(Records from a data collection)
◆ ◆ ◆ ◆

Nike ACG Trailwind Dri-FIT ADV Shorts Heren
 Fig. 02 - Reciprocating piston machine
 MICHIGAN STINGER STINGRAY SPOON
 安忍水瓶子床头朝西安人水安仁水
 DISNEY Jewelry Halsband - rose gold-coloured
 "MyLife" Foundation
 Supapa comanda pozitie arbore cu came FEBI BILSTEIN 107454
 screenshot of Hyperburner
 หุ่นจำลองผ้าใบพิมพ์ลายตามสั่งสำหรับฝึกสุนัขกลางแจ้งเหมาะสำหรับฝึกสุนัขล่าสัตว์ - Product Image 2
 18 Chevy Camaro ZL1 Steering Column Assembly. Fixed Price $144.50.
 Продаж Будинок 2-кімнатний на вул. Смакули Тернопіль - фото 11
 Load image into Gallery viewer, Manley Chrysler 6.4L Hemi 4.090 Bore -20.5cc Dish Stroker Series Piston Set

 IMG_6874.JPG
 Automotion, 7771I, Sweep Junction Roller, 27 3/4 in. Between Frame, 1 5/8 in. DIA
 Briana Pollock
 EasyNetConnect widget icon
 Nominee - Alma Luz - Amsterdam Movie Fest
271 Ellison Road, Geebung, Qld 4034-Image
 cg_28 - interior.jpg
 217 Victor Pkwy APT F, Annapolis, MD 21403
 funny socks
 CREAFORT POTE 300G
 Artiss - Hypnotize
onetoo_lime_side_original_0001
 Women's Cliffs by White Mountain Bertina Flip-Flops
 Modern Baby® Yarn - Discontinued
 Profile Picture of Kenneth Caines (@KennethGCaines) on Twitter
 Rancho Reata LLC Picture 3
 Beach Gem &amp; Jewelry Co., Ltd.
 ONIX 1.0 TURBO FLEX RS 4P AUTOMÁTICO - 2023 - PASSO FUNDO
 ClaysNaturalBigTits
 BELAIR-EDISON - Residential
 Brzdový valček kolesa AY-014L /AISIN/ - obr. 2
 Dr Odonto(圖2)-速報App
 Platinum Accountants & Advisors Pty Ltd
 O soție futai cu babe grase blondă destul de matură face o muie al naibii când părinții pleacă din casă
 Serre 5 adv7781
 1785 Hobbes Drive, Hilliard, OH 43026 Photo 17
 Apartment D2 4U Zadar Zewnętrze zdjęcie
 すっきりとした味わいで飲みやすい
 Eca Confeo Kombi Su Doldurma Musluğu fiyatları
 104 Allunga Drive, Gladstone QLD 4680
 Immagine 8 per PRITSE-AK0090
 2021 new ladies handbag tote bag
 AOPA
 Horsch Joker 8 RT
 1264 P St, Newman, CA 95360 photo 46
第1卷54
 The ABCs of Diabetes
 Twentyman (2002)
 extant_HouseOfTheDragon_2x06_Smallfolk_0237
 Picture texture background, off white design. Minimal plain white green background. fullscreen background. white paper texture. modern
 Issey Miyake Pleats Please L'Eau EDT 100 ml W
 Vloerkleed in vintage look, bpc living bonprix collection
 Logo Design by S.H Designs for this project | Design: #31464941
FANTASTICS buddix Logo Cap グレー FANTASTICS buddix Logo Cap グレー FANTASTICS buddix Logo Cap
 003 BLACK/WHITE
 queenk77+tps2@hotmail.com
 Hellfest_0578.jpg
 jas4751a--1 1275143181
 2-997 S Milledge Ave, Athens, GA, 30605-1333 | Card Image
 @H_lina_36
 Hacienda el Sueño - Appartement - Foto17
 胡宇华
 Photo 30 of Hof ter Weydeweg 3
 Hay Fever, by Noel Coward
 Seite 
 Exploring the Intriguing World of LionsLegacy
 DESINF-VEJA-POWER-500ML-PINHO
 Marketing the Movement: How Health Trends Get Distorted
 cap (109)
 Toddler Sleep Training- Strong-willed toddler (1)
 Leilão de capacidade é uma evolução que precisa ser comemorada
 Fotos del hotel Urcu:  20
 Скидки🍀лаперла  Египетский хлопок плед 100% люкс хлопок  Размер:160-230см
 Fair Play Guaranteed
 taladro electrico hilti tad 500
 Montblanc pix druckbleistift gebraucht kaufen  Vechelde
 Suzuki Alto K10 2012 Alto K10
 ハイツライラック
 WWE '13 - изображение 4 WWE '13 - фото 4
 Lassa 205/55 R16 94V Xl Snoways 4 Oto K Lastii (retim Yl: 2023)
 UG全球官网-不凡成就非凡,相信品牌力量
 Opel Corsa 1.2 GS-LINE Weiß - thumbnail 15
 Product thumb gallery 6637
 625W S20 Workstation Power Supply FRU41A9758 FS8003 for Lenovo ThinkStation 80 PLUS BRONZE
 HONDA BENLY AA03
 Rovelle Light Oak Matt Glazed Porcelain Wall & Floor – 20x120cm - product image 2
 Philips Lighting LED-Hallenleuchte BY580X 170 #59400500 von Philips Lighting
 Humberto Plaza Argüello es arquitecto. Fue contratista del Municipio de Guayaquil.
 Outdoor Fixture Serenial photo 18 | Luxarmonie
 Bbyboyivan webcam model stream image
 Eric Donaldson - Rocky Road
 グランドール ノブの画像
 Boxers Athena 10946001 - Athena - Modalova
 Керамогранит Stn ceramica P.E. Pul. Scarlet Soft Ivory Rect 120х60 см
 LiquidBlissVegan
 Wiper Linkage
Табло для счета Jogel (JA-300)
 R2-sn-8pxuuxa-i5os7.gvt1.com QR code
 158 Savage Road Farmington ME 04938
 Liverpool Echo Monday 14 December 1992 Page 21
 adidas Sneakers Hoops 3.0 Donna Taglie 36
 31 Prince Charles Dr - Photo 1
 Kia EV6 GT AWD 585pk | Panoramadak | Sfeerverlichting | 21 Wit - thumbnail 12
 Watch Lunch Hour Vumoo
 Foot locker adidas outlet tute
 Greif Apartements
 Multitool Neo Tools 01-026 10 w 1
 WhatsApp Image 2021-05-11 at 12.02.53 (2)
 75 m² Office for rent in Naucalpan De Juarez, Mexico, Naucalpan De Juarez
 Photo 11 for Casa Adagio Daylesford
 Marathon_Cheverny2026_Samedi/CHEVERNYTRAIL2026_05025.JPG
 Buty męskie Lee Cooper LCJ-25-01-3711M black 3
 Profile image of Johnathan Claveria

◆ ◆ ◆ ◆

After identifying the lines above that contain "thumbnail", copy each one.

Response to the exercise
 Opel Corsa 1.2 GS-LINE Weiß - thumbnail 15
 Kia EV6 GT AWD 585pk | Panoramadak | Sfeerverlichting | 21 Wit - thumbnail 12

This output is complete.